• **Provided material**

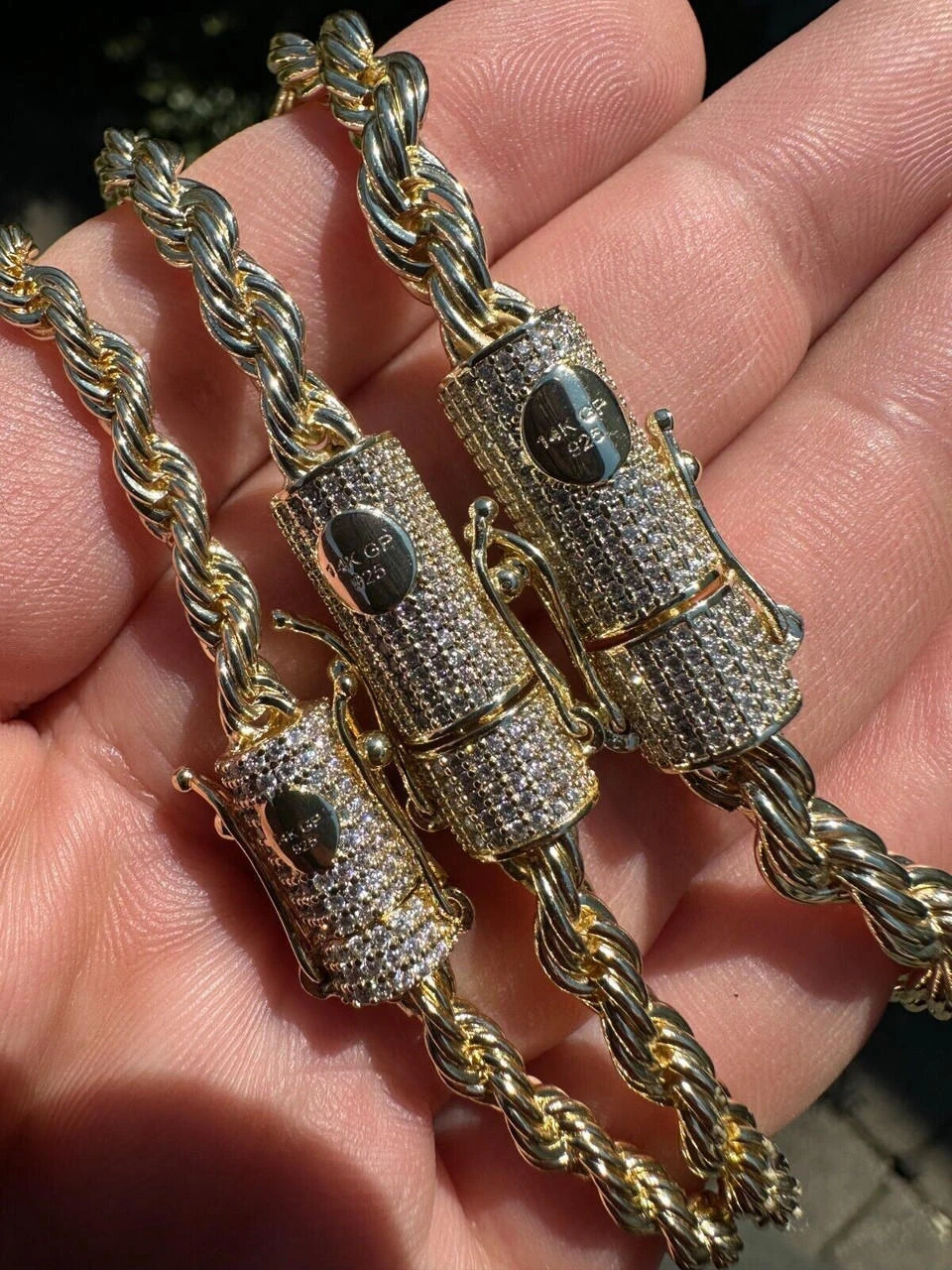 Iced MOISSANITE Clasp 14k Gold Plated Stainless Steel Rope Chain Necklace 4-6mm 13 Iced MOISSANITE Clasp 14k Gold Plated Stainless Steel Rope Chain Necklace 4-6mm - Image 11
...
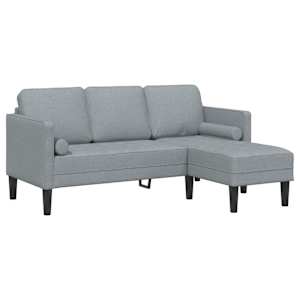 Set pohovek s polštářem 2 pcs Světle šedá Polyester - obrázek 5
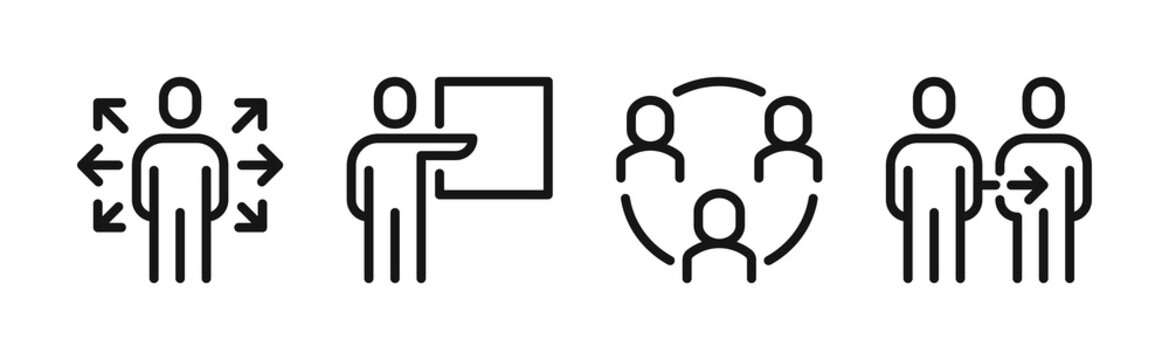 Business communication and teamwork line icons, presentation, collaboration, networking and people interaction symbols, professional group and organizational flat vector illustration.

• **What the task requires**
"Set pohovek s" marks the first line to copy, and "Business communication and" marks the last. Repeat that stretch above exactly, with no pictures.

• **Solution**
 Set pohovek s polštářem 2 pcs Světle šedá Polyester - obrázek 5
 Business communication and teamwork line icons, presentation, collaboration, networking and people interaction symbols, professional group and organizational flat vector illustration.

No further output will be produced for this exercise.